Je rappelle une prophétie de Joseph Ratzinger. Elle remonte à plus de quarante ans. C’est une causerie faite à la radio bavaroise le jour de Noël 1969. Ratzinger n’était alors qu’un simple prêtre séculier, professeur à l’Université de Ratisbonne. Le célèbre théologien essaie de prédire ce que sera l’Église de demain:

«Ce sera une Église tournée vers l’intérieur, non une Église qui se bat pour un mandat politique mais qui évitera de flirter aussi bien avec la droite qu’avec la gauche. Sa tâche sera difficile, car le mécanisme de cristallisation et de décantation lui coûtera beaucoup de ses forces. Il la rendra pauvre, il fera d’elle l’Église des petits. Et le processus sera d’autant plus délicat qu’il lui faudra garder l’équilibre entre le sectarisme étroit et l’entêtement dans les grands mots. On peut prédire que cela lui demandera du temps. Ce sera un chemin long et difficile comme celui du faux progressisme à l’avant-veille de la Révolution quand il était bien porté chez un évêque de railler les dogmes et même de laisser entendre que l’existence de Dieu n’avait rien de précisément certain.
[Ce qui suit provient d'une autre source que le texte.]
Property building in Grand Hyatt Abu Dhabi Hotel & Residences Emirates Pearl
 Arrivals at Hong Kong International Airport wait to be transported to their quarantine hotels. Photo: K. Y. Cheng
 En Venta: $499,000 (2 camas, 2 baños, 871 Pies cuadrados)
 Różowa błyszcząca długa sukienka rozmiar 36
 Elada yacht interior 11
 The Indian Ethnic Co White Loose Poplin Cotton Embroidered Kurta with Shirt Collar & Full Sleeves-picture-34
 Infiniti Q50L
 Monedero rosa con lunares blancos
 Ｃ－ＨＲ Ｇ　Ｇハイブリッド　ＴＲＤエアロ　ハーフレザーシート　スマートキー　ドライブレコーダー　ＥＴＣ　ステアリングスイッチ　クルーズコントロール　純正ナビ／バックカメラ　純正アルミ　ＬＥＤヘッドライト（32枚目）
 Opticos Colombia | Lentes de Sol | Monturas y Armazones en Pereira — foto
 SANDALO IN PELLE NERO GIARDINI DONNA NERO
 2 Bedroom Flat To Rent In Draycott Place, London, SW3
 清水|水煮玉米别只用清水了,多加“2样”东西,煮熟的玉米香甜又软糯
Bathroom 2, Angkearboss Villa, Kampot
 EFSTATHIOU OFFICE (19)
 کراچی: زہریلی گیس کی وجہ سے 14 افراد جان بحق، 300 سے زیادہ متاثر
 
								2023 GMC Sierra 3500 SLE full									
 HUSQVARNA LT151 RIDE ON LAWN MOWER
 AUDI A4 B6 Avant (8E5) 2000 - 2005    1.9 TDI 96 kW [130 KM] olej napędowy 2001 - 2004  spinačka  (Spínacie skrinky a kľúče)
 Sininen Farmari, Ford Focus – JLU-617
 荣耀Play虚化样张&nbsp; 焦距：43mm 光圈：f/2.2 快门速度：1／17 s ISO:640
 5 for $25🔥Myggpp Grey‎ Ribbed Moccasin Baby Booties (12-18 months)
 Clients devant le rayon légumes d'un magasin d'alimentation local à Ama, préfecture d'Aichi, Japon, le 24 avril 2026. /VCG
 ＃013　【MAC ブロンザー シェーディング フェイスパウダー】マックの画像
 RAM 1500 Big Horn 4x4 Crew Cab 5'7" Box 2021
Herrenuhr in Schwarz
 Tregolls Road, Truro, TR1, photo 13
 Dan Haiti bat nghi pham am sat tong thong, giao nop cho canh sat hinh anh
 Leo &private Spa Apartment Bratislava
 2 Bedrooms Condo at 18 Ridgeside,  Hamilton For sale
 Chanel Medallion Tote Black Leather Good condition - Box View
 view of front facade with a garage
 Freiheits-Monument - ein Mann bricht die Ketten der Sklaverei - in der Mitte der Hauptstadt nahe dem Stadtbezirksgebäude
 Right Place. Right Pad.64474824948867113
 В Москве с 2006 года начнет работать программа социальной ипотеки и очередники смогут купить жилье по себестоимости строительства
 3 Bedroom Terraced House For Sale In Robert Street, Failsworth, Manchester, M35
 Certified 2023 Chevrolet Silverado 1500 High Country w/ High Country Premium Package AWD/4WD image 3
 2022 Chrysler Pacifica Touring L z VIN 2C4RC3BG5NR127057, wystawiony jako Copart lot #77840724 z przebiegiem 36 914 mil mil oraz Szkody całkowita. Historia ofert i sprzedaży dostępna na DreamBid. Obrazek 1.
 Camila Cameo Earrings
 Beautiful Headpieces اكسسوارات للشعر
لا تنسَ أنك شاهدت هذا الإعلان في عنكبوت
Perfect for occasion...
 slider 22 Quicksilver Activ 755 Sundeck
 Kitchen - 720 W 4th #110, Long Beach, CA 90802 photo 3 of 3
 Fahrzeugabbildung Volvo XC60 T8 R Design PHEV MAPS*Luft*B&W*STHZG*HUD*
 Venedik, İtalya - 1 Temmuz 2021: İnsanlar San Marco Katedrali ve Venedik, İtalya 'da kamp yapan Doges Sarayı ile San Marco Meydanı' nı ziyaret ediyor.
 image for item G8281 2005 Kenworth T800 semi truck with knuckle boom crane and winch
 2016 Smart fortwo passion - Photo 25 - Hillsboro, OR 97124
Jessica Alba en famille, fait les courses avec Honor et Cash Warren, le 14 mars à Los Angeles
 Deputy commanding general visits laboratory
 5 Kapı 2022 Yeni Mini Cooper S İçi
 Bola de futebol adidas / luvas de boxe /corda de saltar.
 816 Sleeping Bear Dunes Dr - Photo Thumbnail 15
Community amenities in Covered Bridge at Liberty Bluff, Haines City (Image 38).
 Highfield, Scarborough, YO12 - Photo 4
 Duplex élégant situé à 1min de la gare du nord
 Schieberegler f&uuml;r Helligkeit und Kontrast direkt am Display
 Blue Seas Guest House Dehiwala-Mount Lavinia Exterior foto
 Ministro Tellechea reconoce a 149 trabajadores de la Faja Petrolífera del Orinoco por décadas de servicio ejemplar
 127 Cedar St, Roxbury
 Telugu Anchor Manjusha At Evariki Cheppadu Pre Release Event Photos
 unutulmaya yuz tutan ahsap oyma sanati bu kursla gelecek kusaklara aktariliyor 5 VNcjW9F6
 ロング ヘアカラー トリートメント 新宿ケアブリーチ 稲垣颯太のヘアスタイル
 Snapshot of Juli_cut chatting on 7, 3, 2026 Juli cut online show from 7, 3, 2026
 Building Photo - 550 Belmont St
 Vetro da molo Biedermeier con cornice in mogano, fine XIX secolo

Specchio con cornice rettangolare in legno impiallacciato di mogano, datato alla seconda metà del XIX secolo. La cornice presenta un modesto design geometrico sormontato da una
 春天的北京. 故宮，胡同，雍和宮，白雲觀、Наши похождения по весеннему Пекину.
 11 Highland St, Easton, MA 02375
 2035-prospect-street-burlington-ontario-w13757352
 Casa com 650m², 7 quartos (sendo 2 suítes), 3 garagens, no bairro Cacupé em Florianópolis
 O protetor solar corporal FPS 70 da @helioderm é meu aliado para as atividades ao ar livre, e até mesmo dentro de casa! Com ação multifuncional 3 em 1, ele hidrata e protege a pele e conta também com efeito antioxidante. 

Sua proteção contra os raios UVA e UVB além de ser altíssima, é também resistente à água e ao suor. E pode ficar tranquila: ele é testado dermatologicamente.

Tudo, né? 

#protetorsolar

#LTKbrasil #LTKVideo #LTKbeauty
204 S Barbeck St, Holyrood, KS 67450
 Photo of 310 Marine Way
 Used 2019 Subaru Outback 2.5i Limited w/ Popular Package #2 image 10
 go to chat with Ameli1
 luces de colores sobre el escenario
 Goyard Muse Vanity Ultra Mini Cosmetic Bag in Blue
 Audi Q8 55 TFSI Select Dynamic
Mais quand elle aura subi l’épreuve de toutes ces tensions, c’est une grande force qui coulera dans cette Église, riche de son dépouillement et de sa vie intérieure; car les hommes d’un monde intégralement planifié seront indiciblement seuls. Et, quand Dieu les aura quittés, ils mesureront toute leur pauvreté. Alors, ils découvriront la petite communauté des hommes de foi comme quelque chose d’entièrement neuf. Comme une espérance qui les concerne, comme une réponse, qu’au secret de leur cœur ils ont toujours attendue. «

Et celui qui était alors le Professeur Ratzinger conclut ainsi:

«Jamais [l’Église] ne pourra reconquérir la puissance sociale prépondérante dont elle jouissait tout récemment encore. Mais elle refleurira et les hommes verront en elle une patrie, source de vie et d’espoir au-delà de la mort. «

Il ne faut pas s’attendre à de grandes victoires sur la place publique; la véritable victoire, c’est le germe vivant, ici ou là, qui survit à la tristesse, à l’apostasie, au délitement, et qui grandit malgré les obstacles. Lorsque la religion de l’humanité se croira victorieuse, elle s’écroulera misérablement. Tout simplement parce qu’elle n’a à offrir que le désespoir. À ce moment-là, on se tournera nécessairement vers ceux qui ont résisté, qui ont gardé la foi et l’espérance, qui sont restés fidèles aussi à la raison si malmenée par les rationalistes; ceux-là, les gardiens de la confiance et de l’amour, aussi peu nombreux soient-ils, seront interrogés, consultés, écoutés, imités. Je pense que la structure propre à notre temps pourrait s’exprimer ainsi: C’est quand tout semblera perdu que tout sera sauvé.